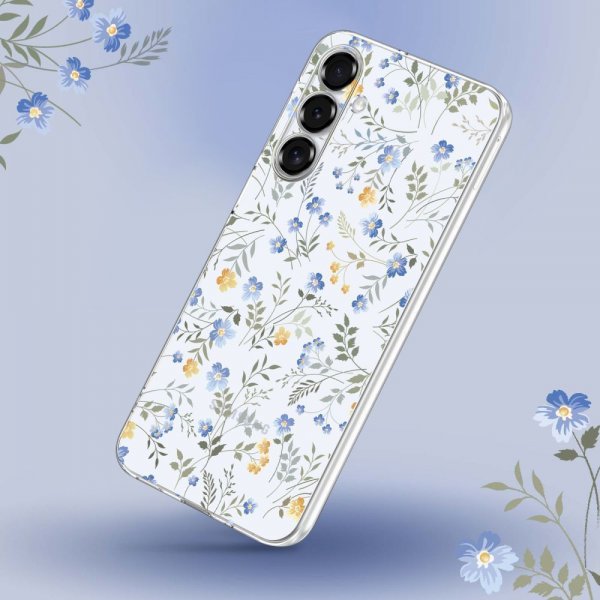 Tech-Protect Xiaomi Redmi 15C Deksel FlexAir Blomstermønster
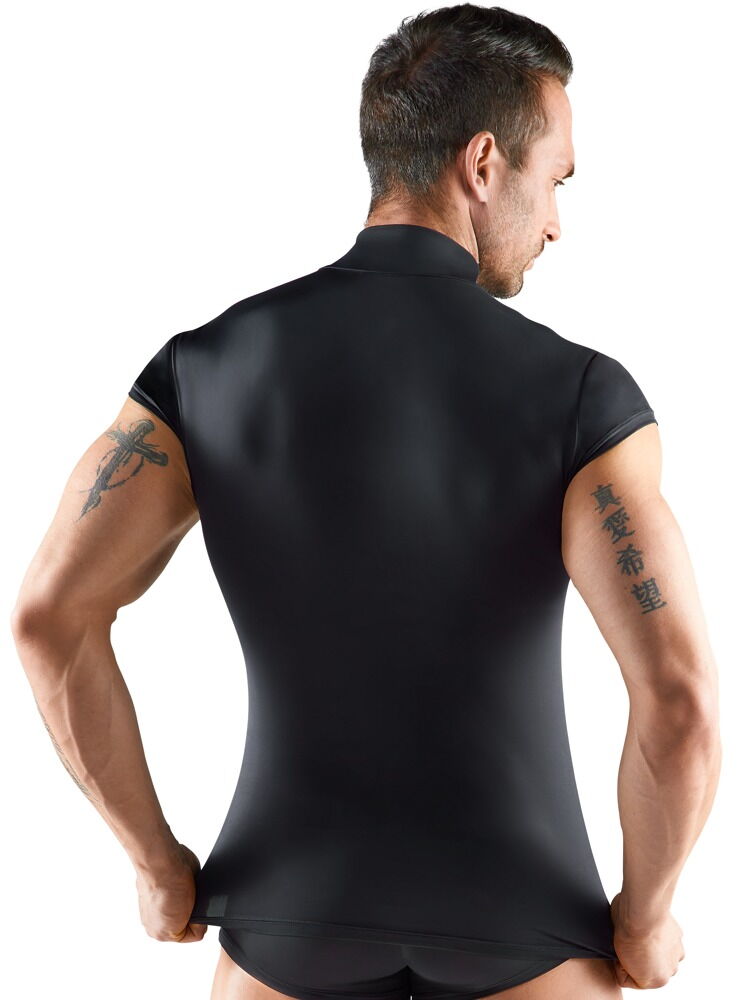 Herren T-Shirt mit Zipper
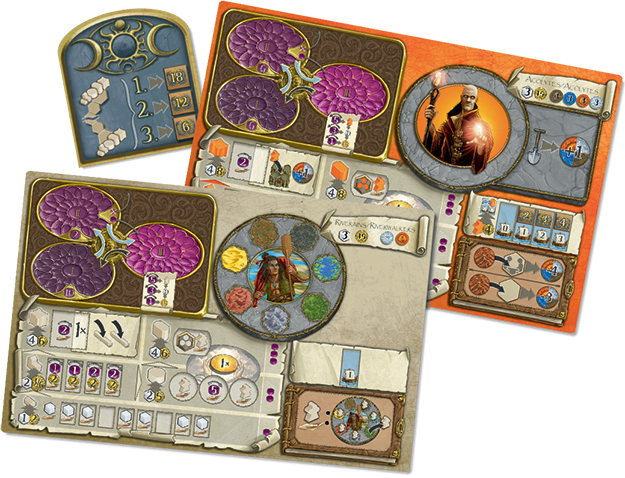 Climate Change - Terra Mystica Fire And Ice Factions (625x478), Png Download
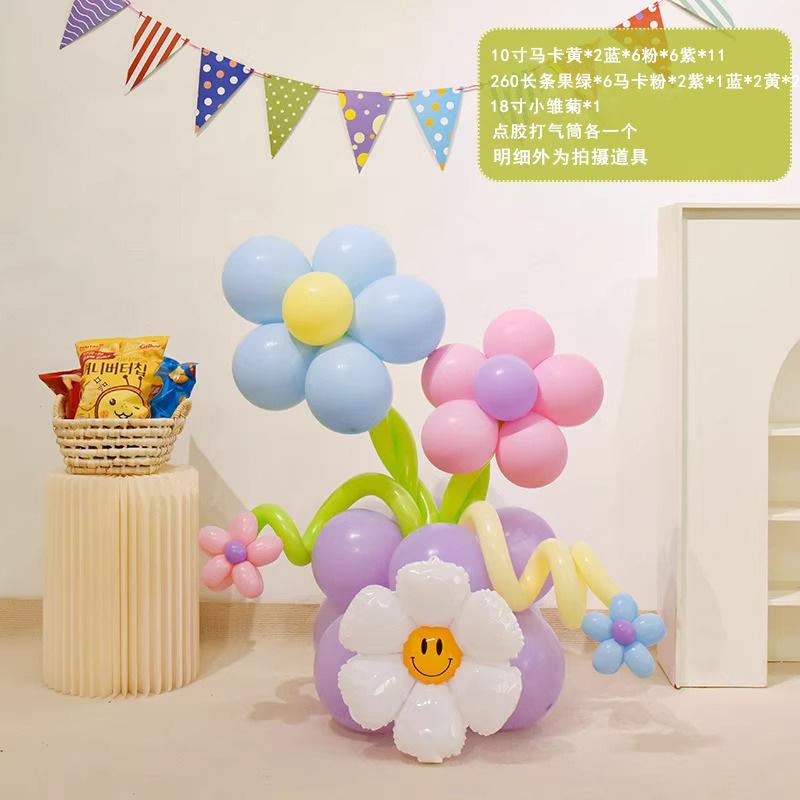 

Школьный сезон Цветочная колонна из воздушных шаров Выпускной Оформление задней стены класса Церемония в детском саду Оформление атмосферы Colorful flower column combination 4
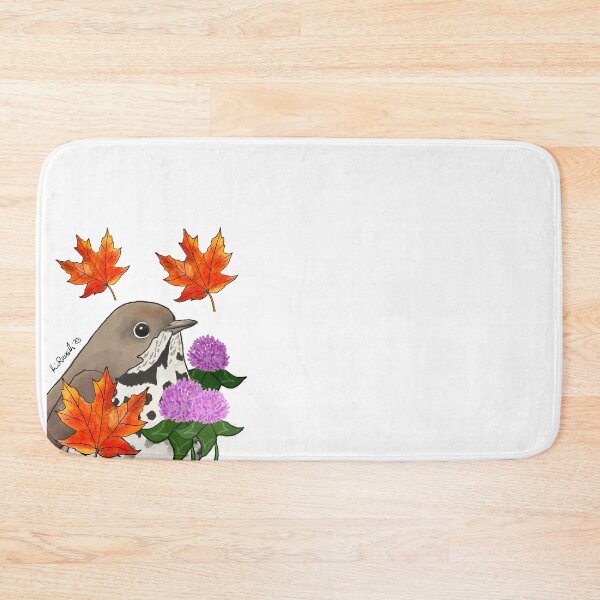 Item preview, Vermont- Wood Thrush  designed and sold by Kim Rausch.
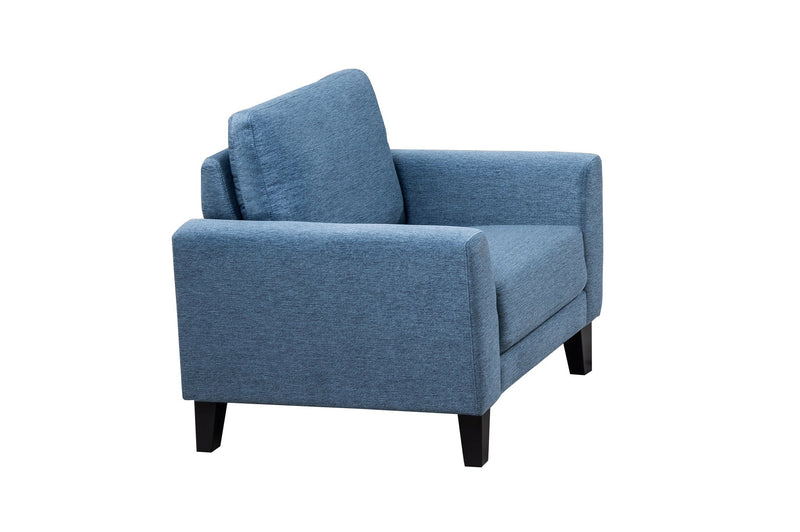 Britta Blue Sofa Set - MA-99010BLUSLC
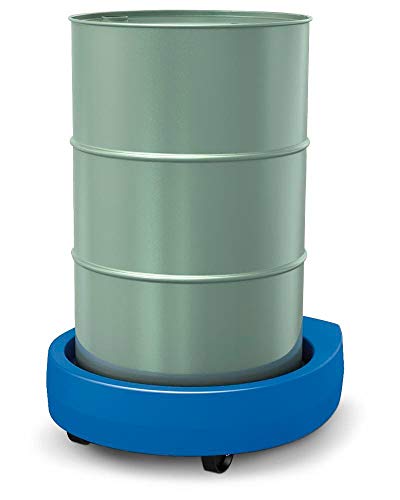 DENIOS Fassroller Poly100 E aus Kunststoff, blau, für 200 Liter Fässer, Traglast 300 kg, zum sicheren Transport schwerer Lasten, 2 Lenkrollen, 2 Bockrollen, integrierte Tropfwanne DENIOS Fassroller Poly100 E aus Kunststoff, blau, für 200 Liter Fässer, Traglast 300 kg, zum sicheren Transport schwerer Lasten, 2 Lenkrollen, 2 Bockrollen, integrierte Tropfwanne von DENIOS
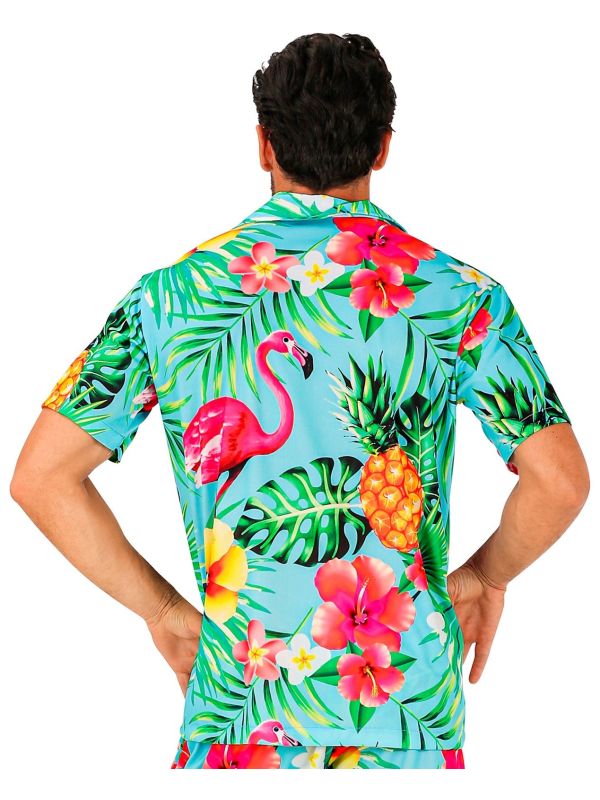 Flamingo blouse heren online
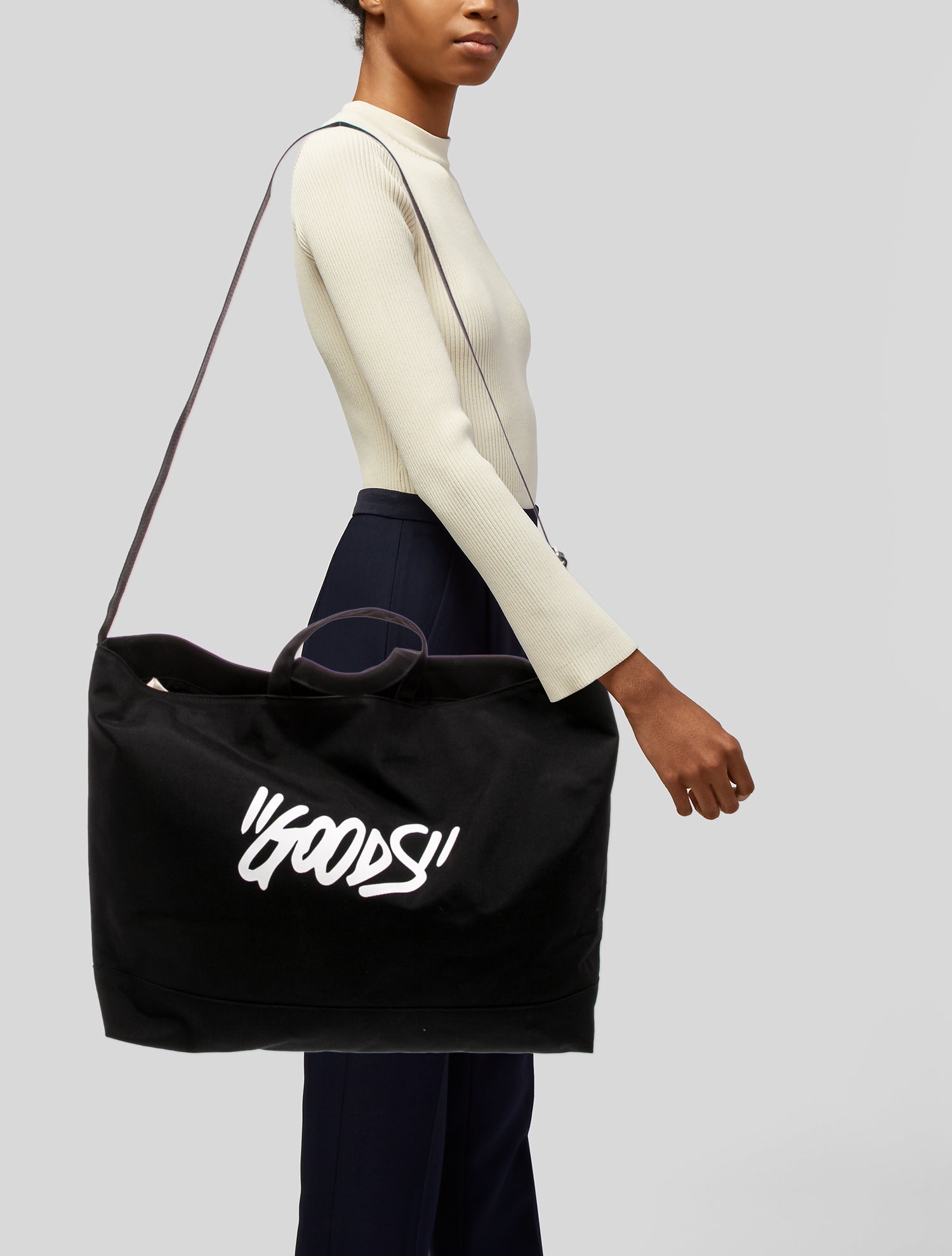 Off-White Canvas Tote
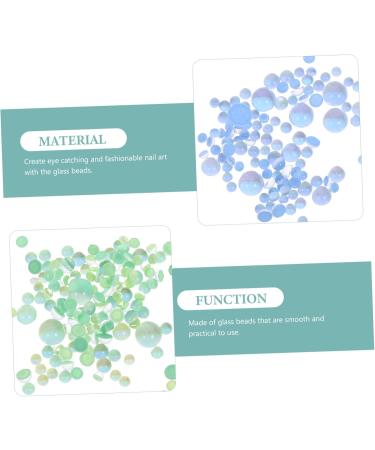 MAGICLULU 9 Boxes Nail Decoration Jewelry Nail Art Beads Kit Nail Beads for Nail Art Nail Gem Beads for Nails Gems for Acrylic Nails Small Beads Nail Jewels Pearl Suite Glass - Buy Online on GoSupps.com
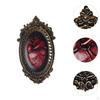 Heart Wall Sculpture Photo Frame Resin Art Craft Artwork Halloween Decoration Gothic Decor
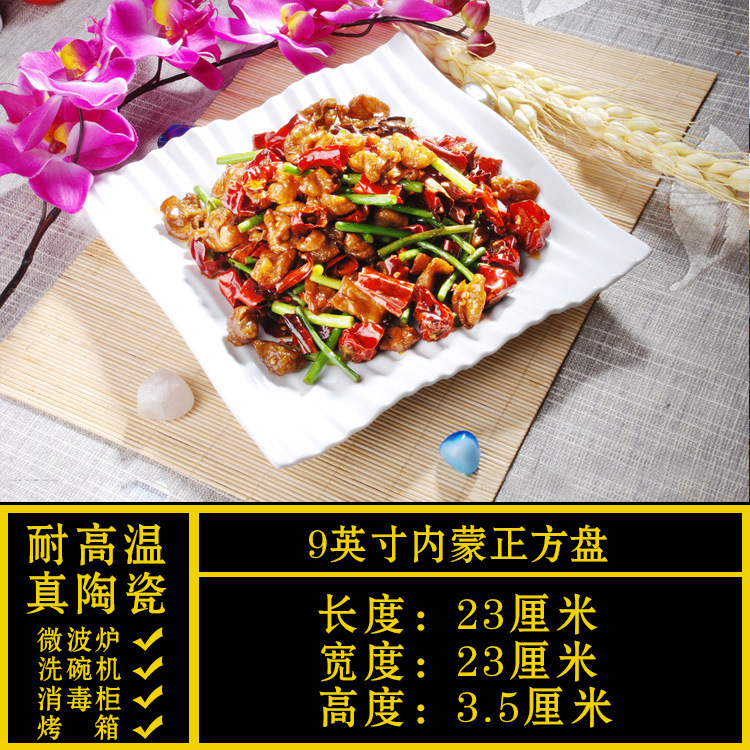 异形盘子菜盘商用家用不规则白色陶瓷餐盘酒店餐具饭店专用凉菜盘|undefined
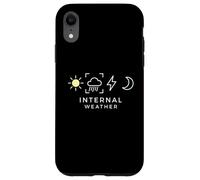 Custodia per iPhone XR Icone dell'umore emotivo del tempo interno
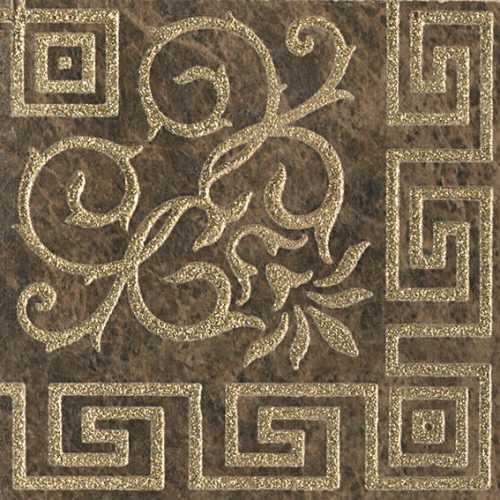 Декоративная вставка Ape Taco Arka Marron 15*15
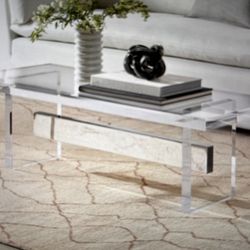 Lucite coffee table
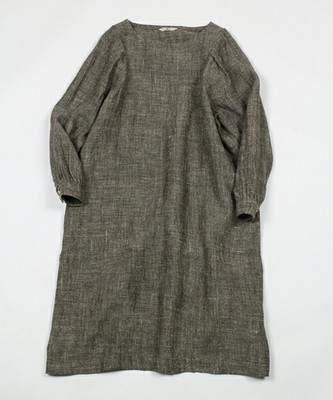 リネンツイードワンピース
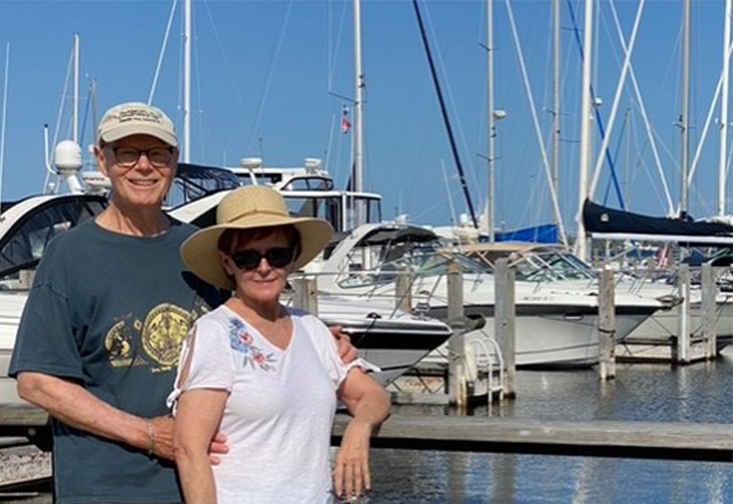 Professor Emeritus in the Department of Child and Family Studies Dr. Hewitt B. "Rusty" Clark and his spouse, Rebecca Clark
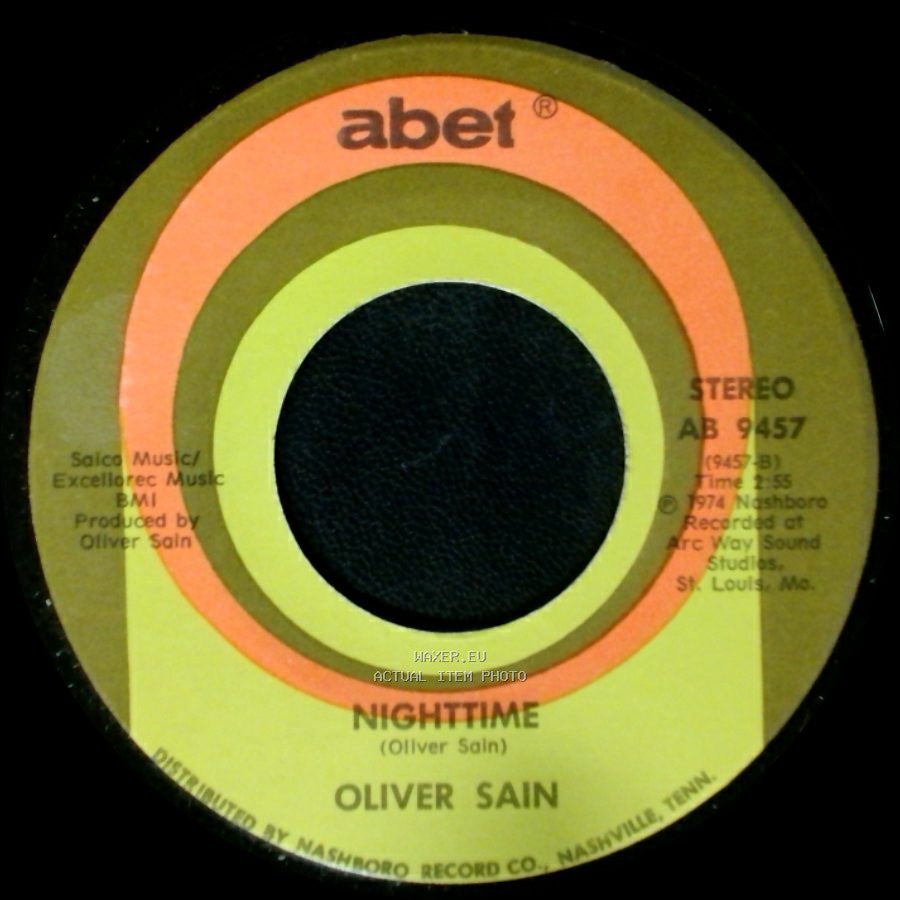 Oliver Sain - Nighttime / Bus Stop side B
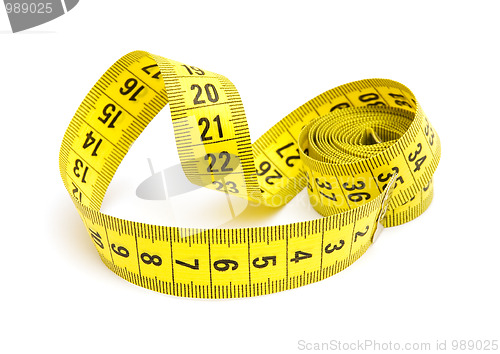 Image of Yellow measuring tape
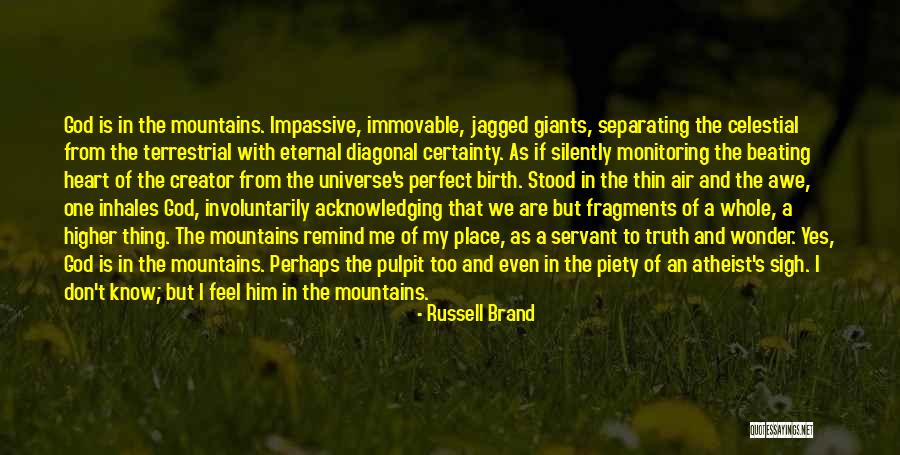 Acknowledging God Quotes By Russell Brand Acknowledging God Quotes By Russell Brand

**Problem requirements**
Which lines run from the one containing "Oliver Sain - Nighttime / Bus Stop side B" to the end of the entries above? Write them out exactly, leaving out every picture.

**Answer space**
 Oliver Sain - Nighttime / Bus Stop side B
 Image of Yellow measuring tape
 Acknowledging God Quotes By Russell Brand Acknowledging God Quotes By Russell Brand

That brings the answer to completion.